Photo credit: Aotearoa Media Collective
A Te Wānanga o Aotearoa master’s tauira is on a mission to see Pasifika Coastwatchers formally recognised for their efforts during WWII.
William Cuthers – who has Pacific and Māori heritage and completed his studies last year – is the grandson and namesake of an original Native Wireless Operator from the Cook Islands.
As part of his He Waka Hiringa Master of Applied Indigenous Knowledge research at Te Wānanga o Aotearoa, he learned that while New Zealand European Coastwatchers were recognised by the New Zealand Defence Force in 2012, the contribution of indigenous Coastwatchers has never been formally acknowledged.
“It’s almost as if their vital contribution to New Zealand’s war effort has been erased from history, and that’s not good enough,” he says.
Aside from his grandfather, he’s also battling for recognition for the whānau of other Pasifika Coastwatchers who played important roles on remote Pacific islands.

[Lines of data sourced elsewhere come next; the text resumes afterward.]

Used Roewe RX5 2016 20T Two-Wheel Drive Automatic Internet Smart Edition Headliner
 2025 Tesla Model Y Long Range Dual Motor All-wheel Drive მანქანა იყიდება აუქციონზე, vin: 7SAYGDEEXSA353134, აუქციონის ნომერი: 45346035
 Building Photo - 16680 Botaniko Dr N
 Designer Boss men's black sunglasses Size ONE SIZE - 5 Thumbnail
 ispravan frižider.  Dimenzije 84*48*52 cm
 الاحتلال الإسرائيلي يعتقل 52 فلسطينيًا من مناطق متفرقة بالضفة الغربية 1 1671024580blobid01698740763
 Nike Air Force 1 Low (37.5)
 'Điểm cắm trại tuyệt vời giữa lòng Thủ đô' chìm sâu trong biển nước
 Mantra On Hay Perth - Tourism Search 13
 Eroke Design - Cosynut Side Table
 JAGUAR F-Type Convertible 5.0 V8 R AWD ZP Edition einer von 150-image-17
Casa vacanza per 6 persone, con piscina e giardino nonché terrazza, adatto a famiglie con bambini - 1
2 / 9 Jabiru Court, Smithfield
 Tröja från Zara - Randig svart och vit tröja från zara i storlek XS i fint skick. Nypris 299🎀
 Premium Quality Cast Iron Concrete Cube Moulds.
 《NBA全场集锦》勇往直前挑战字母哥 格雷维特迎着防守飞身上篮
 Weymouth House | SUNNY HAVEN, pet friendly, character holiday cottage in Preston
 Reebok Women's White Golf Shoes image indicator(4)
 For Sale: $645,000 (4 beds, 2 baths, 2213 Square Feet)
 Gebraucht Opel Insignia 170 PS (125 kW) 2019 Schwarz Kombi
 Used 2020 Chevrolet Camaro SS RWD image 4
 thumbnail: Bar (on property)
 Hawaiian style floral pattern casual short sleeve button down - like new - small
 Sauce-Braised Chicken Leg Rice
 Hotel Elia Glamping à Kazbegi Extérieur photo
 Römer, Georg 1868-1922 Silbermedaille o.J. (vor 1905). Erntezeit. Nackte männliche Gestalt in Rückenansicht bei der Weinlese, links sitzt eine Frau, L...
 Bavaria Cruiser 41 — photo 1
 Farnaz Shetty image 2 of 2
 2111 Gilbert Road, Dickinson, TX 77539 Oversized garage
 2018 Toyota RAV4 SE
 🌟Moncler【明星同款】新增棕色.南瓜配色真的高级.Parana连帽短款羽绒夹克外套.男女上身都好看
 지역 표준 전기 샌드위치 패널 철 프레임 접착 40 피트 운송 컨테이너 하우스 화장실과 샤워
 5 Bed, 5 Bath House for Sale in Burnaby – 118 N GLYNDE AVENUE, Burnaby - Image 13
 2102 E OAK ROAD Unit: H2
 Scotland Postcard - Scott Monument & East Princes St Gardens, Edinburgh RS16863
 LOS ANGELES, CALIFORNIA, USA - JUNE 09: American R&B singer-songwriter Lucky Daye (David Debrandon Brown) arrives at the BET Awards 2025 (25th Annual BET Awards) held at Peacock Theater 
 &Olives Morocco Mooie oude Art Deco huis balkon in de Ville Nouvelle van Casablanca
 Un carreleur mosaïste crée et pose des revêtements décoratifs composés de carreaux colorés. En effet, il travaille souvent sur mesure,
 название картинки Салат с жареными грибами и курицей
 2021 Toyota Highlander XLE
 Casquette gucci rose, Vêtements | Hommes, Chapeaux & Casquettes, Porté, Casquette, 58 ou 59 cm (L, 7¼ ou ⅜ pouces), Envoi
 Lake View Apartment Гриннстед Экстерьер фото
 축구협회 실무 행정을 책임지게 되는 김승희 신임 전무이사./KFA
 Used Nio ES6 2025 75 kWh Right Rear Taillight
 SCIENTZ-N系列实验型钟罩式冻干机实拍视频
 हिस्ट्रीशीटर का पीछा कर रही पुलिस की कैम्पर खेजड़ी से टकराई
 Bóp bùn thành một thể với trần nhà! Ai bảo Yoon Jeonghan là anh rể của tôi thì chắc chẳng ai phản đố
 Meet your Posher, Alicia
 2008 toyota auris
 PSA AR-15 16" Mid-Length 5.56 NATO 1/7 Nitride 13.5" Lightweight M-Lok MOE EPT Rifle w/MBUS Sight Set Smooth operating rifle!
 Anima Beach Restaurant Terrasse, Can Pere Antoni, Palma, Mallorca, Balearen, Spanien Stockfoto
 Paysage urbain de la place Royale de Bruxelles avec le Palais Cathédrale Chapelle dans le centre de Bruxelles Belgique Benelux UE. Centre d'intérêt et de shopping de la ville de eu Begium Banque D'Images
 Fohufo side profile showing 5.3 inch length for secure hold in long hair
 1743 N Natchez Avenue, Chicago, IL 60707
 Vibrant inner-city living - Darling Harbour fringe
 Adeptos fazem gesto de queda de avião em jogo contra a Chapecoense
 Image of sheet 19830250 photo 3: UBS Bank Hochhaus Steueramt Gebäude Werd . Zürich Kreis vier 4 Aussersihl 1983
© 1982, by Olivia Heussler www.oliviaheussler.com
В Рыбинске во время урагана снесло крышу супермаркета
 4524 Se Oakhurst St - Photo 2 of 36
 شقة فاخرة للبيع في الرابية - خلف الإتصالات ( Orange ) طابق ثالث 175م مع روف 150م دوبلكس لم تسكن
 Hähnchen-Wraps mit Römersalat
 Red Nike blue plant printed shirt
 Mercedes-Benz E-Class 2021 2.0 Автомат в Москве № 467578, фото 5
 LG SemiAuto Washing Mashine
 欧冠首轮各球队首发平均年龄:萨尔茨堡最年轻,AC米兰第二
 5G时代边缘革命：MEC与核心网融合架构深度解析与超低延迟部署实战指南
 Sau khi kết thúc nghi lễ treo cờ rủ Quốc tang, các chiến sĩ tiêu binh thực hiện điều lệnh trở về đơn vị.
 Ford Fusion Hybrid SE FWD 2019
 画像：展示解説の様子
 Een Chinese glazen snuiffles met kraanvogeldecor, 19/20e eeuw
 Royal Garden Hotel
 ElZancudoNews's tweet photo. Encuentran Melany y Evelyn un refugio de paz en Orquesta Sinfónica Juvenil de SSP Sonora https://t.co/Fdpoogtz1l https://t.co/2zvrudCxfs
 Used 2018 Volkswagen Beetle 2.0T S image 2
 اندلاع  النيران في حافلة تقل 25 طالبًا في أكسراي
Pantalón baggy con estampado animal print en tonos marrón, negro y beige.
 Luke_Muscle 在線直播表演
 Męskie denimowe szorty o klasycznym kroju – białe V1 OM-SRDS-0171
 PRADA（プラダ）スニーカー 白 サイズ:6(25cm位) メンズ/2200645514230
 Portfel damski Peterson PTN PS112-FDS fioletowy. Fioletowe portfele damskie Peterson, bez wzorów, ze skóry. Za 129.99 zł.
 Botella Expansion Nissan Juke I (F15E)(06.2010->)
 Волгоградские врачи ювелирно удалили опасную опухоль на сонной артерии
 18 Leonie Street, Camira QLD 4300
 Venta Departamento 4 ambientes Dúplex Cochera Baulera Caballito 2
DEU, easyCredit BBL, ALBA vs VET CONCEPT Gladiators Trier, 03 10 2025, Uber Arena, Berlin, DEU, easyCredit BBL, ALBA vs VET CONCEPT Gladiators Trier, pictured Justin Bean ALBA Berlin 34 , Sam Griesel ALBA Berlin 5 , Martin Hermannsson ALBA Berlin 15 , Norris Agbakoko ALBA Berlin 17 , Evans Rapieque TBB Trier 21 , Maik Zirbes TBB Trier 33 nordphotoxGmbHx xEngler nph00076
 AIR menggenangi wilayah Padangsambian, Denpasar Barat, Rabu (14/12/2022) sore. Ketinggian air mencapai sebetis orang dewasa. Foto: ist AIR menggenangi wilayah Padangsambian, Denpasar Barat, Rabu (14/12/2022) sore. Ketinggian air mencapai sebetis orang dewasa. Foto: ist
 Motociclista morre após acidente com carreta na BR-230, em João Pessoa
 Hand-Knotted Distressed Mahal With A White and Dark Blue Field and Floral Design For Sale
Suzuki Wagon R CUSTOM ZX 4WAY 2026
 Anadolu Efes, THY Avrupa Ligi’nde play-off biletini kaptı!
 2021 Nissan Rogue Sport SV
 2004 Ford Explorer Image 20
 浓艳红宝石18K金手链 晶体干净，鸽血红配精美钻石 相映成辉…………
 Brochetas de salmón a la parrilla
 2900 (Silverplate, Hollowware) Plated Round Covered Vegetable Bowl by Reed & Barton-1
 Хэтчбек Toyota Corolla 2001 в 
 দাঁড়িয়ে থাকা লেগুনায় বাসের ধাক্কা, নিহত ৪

During World War II, Coastwatchers – both New Zealanders and Pasifika - were stationed on remote islands and provided important information on enemy movements or radio activity back to New Zealand.
Now he wants those people given the recognition they deserve.
“I’ve provided a detailed argument to the Defence Force and provided a detailed argument to the New Zealand Government to recognise our Cook Islands men that served as coastwatchers during World War II,” he says.
William’s rangahau took him, his whānau and a film crew from the Aotearoa Media Collective to Rarotonga, where he met other grandchildren of Native Wireless Operators and shared stories of their tūpuna while filming a documentary about his quest.
The documentary, The Coastwatchers - Operation Pacific is being shown on TVNZ1 at 10.10am on ANZAC Day and also being broadcast on RadioNZ from 11am.
William’s push for recognition of Pasifika coastwatchers has the support of Associate Professor of Pacific Studies at Auckland University, Damon Salesa, and war historian Dr Stephen Clarke but William says it’s time for the Government and Defence Force to acknowledge their contribution.
William has had four other academic articles published while studying towards He Waka Hiringa and says he’s extremely happy with what he’s achieved.
“I’m proud of my experience and how Te Wānanga o Aotearoa has impacted my life. I would not have had these opportunities if I didn’t engage in the (He Waka Hiringa) programme the way I have.”